Hal ini disebabkan oleh lemahnya fondasi hukum dan rendahnya literasi Hak Kekayaan Intelektual (HKI).
Dalam podcast di kanal YouTube Kementerian Hukum RI (12/12), dibahas sebuah solusi strategis untuk mengatasi paradoks ini bersama Kawendra Lukistian, Ketua Gerakan Ekonomi Kreatif Nasional (GEKRAFS), dan Andry Indrady, Kepala Badan Strategi Kebijakan (BSK) Hukum.

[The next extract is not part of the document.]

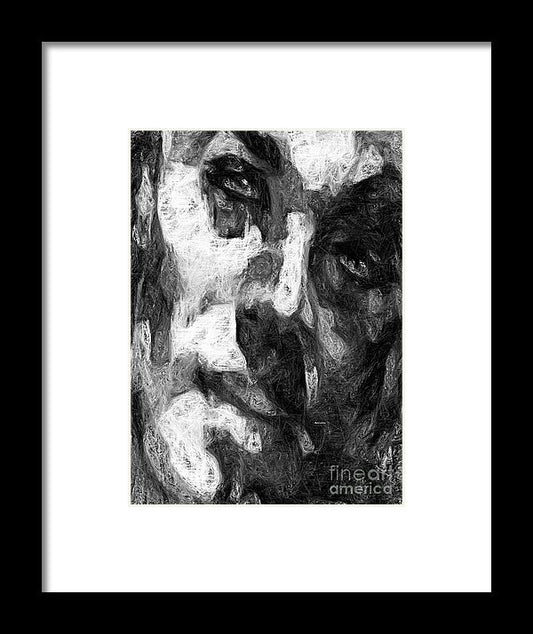 Framed Print - Black And White Male Face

Diskusi tersebut menyoroti alokasi dana sekitar Rp10 triliun yang dapat diakses oleh pelaku Usaha Mikro, Kecil, dan Menengah (UMKM) dan kreator ekonomi kreatif (Ekraf).
Dana ini diperoleh dengan menjaminkan HKI yang telah terdaftar dan bernilai komersial, seperti hak cipta lagu, brand, atau format konten.
Masalah utama yang dihadapi adalah rendahnya kesadaran pendaftaran HKI.
Banyak karya kreatif tidak tercatat atau dikelola sebagai aset bisnis, membuat kreator sulit memiliki posisi tawar dalam negosiasi kontrak dan kesulitan mengakses pembiayaan formal.
“Ada investasi besar di masa depan, dengan mendaftarkan hak cipta, kamu punya potensi hak keekonomian yang baik ke depannya seperti itu,” ungkap Kawendra Lukistian, menegaskan bahwa pendaftaran HKI adalah sebuah investasi.
Selama ini, lembaga keuangan cenderung konservatif dan hanya menerima jaminan fisik.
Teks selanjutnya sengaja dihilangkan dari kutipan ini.